Luego hubo un tiempo, tal vez no muy lejano, del cual no tuvimos conciencia, porque estábamos ocupados en otras cosas (en lo malos que son los árbitros del fútbol español, en lo caros que se están poniendo los huevos o en que no llueva en Sierra Mágina todo lo que sería menester) en el que se desvirtuó este arte de la negociación, que siempre fue tan maquiavélico, porque algunos —los más fuertes siempre— decidieron cambiarlo por la mera imposición de sus condiciones; como si hubiésemos regresado al paraíso de la extorsión, allá por los años treinta del siglo XX; como si viviéramos en una película de Humphrey Bogart, pero sin él: sin su sex appeal de feo bajito ni la sentenciosa agudeza de los diálogos que le escribían; como si en la audición de Casablanca hubieran escogido para el papel de Rick Blaine a un Ronald Reagan en horas bajas; es decir, a un actor mediocre venido a menos, incapaz no ya de transmitir, sino tan siquiera de disimular.
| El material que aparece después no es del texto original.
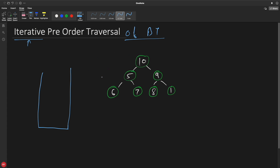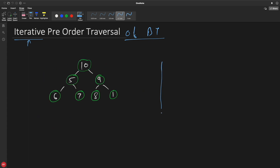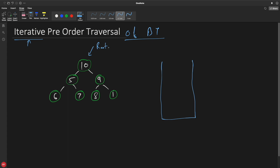We know that we have to use some stack. In recursion we use a stack, so let's use a stack and maintain it yourself. If you are using recursion, it will handle the stack internally, but here you have to maintain it yourself. So let's see how you'll use a stack. Initially, as this is your root, you'll push this root into a stack and then apply a while loop on it.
Ya dije al principio que, esta insana práctica, esta manera viciada y viciosa de relacionarse con el prójimo no es exclusiva de la política, pero sí que, por desgracia, las diferencias políticas han terminado por llenar con su alquitrán de las malas artes y sus piedras de la intransigencia todas las posibles vías de comunicación y entendimiento humanos. Como ejemplo de ello, no hay más que leer algunas reacciones hipócritas, incluso mezquinas, de ciertos individuos que se llaman a sí mismo escritores, ante la muerte de Mario Vargas Llosa, el último de los grandes escritores del siglo pasado en lengua castellana, porque, según estas lumbreras de la literatura, las ideas conservadoras e incluso reprobables en algunos asuntos del premio Nobel de literatura, eclipsaban todo lo bueno que hubiera escrito o dicho. Porque estas lumbreras de la literatura y del pensamiento hablan de Vargas Llosa y lo leen subidos a su estrategia de máximos, con sus irrenunciables premisas, con su intransigencia emborronando su propia percepción, privándose así de disfrutar, no solo de la excelencia de sus obras (La ciudad y los perros, Conversación en la catedral, La guerra del fin del mundo, La fiesta del chivo…), sino del enriquecimiento que supondría para el propio pensamiento, si hubieran abierto su mente y prestado atención sobre un punto de vista diferente al de ellos, pero para nada execrable, como el que don Mario exponía en sus artículos y ensayos.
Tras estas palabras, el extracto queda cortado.